Premièrement, dans le monde entier, il est courant d'améliorer la gestion de la population grâce aux sciences et aux technologies modernes. Les États-Unis utilisent la surveillance vidéo. Pourquoi l'Argentine ne pourrait-elle pas le faire ? Cela ne devrait pas être politisé dans un dessein inavouable. Les entreprises chinoises coopèrent avec l'Argentine et d'autres pays pour les aider à améliorer l'ordre social et la gestion municipale. Ils ont gagné la reconnaissance des populations locales.

Deuxièmement, la Chine demande toujours aux entreprises chinoises de se conformer aux lois et réglementations locales dans leur coopération internationale. Certains individus, aux États-Unis, ne cessent de faire du tapage autour de la prétendue menace représentée par les équipements et les technologies chinois sur la sécurité des pays d'Amérique latine. Mais ils n'ont jamais pu montrer de preuves convaincantes. Leurs remarques subjectives et présomptives sont complètement absurdes.

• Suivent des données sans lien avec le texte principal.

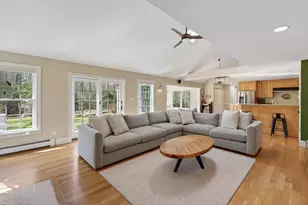 80 Grandview Dr, Belgrade, ME 04917 - Photo 37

Troisièmement, depuis un certain temps, certains Américains ont calomnié les relations sino-latino-américaines et tenté d'y semer la discorde. Nous exprimons notre vif mécontentement à cet égard. Les pays d'Amérique latine se soucient au plus haut point de leurs intérêts et de leur sécurité. Ils n'ont pas besoin que les États-Unis s'inquiètent pour eux. Nous exhortons les États-Unis à considérer la coopération sino-latino-américaine de manière objective et à contribuer au développement de la région, au lieu d'inventer des histoires de toutes pièces.